Лайм прошел вперед мимо Саттертвайта, но тот остановил его:
— Ваша версия.
— Я сказал вам — в ней слишком много «если».
— Но я был прав: она существует?
— Я уже сказал вам — да.
— Значит, в конце концов я не так уж плохо разбираюсь в людях. Вы согласны?
Слабая улыбка не нашла у Лайма подобного же ответа. Саттертвайт угрем проскользнул мимо него в дверь, затем вышел Лайм, обернувшись и с интересом посмотрев на эту комнату — место сурового испытания, но она имела достаточно обычный вид, чтобы поверить в это. Дверь захлопнулась. «Вход воспрещен».
Саттертвайт направился в сторону штаба. Когда он дошел до него, остановился и бросил через плечо:
— Удачной охоты — мне кажется, я должен сказать что-то в этом роде. — Мрачная сдержанная улыбка была словно приклеенная. — Достань сукиного сына живьем, Дэвид.
Сделав реплику «под занавес», Саттертвайт исчез в комнате штаба. Чувствуя презрение к этому человеку за его дешевую театральность, Лайм какое-то мгновение стоял, уставившись горящим взглядом в закрытую дверь, потом поплелся к выходу, наклонив голову и зажигая сигарету.
СРЕДА, 12 ЯНВАРЯ
22:40, континентальное европейское время.
Воспитание Марио внушило ему ненависть к вонючим моторным катерам. Он изучал морское искусство летом на борту кеча Мезетти — небольшого двухмачтового судна, грациозного, как чемпион скоростной регаты. Он совершенно не разбирался в двигателе — это было заботой Алвина, — но он стоял у руля, и на нем лежала ответственность за выбор курса по судовому компасу и морским картам. Тридцатидевятифутовое судно было построена в Америке и оснащено одним дизельным двигателем. Ему было не меньше двадцати пяти лет, хотя дизель, вероятно французского производства, казался новее. Это был грубый деревянный корабль, построенный с экономичностью, присущей верфи «Мэтьюз»: с каютами на носу и корме нижней палубы и крошечной палубой для ловли рыбы между транцем и трапом у задней каюты. Потолок рубки был слишком низок для человека ростом в шесть футов. Марио был достаточно приземист, чтобы не испытывать неудобства, а вот Алвину и Стурке приходилось нагибаться, когда они входили внутрь.
Здесь вовсе отсутствовал штурманский стол: карта, изображающая западное Средиземноморье, была растянута по деревянной перегородке к нактоузу,[15] где Марио мог сверяться с ней, держа одну руку на штурвале.
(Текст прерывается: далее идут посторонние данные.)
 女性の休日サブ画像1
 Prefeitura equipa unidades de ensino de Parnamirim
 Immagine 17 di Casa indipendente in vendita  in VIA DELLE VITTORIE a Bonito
С помощью компаса и карты он рассчитывал курс от одного маяка к другому. За час до заката на море поднялись четырехметровые волны, и за несколько последующих часов оно не стало спокойнее. Толстый, с округлым дном корпус судна затруднял ход, и Марио был вынужден через каждые пять минут менять галс против моря, несущего их на четверть румба правее курса — на юго-запад к Кабо-де-Гато, а затем на запад вокруг мыса по направлению к Альмерии. Шторм загонял их в пролив, прижимая к берегу. Суровая ночь для морских прогулок — очень немногие суда отважились выйти в море. Были видны только огни буйков.
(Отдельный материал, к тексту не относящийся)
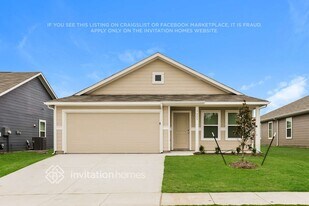 7205 Lazy Creek Rd in Saginaw, TX - Building Photo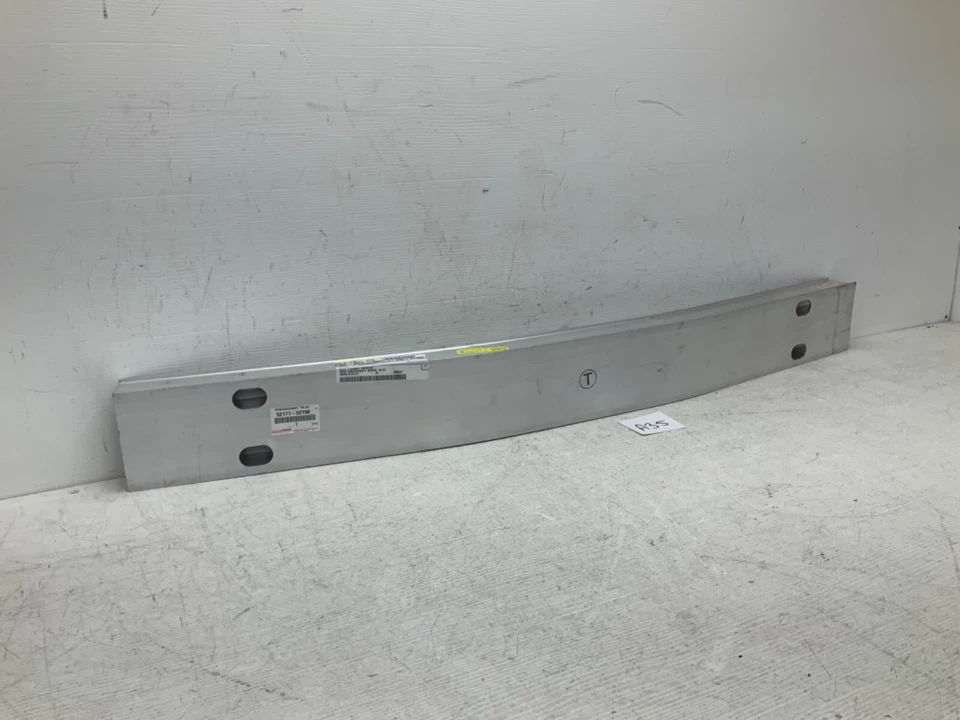 NEW 2012 2013 2014 -2019 Toyota Prius C Rear Bumper Reinforcement Impact Bar OEM Foto 2 de 4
Самым плохим моряком оказался Сезар, и Марио чувствовал себя отчасти отомщенным этим фактом: он знал, что все они в глубине души презирали его, но Сезар вел себя особенно вызывающе, и было приятно видеть его зеленым от морской болезни. Эта же участь, хотя и в меньшей степени, постигла Пегги; она и Сезар прилипли к своим койкам в кормовой каюте. Алвин и Стурка находились впереди, внизу, с Клиффордом Фэрли, возможно пытаясь перевоспитать его с помощью диалектического обмена мнениями. Бестолковое занятие — однажды попав на Холм, они уже не могли изменить свой образ мыслей. Марио понял это дома. «Мезетти Индастриз» с упрямой злобой день ото дня разрушала окружающую среду, и когда он указал на это своему отцу, тот ухватился за мнимые инженерные увертки, чтобы доказать, что все это коммунистическая пропаганда.
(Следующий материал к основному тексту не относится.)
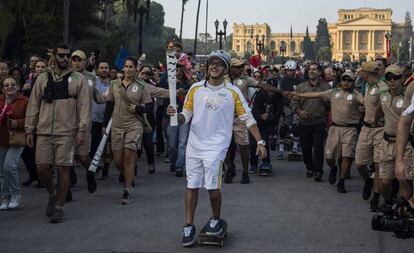 Un 'skateboarder' con la antorcha, el día 24.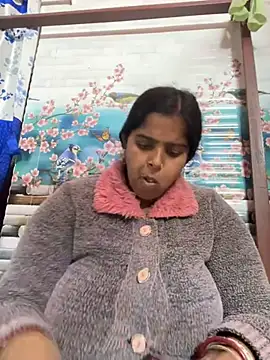 Snapshot of Beauty-queen chatting on 01.30.25 Beauty-queen online show from 01.30.25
Марио знал, что остальные не особенно уважали его, потому что он не был отчаянно ловким и его маоизм был скорее доктринерским, чем практическим. Никто из них не любил его, особенно Стурка, но это не имело значения. Марио был полезен, это оказалось важным — быть полезным. Он мог предоставить им не только деньги — например, сейчас им потребовалось его умение управлять судном. Невежественный моряк уже десять раз успел бы потопить его или выбросить на прибрежные рифы.
Освобождение человечества — вот что имело значение, и если ты хоть как-то способствовал этому, независимо от того, каким малым был твой вклад, твое существование было оправдано. Одно крошечное звено в бесконечном сражении, которое разрушит стены Америки. Одно усилие, чтобы уничтожить грабителей-магнатов, чей институт насилия увековечил власть меньшинства.
Он увидел маяк по правому борту и определил интервалы между его вспышками. «Право руля», — громко сказал он, удовлетворенный тем, как ведет лодку. Он оценивающе посмотрел на море и нашел его достаточно спокойным, чтобы накинуть на штурвал удерживающую петлю; закрепив руль, он надел маску Святого Духа, спустился по пяти ступенькам трапа к двери носовой каюты и постучал костяшками пальцев.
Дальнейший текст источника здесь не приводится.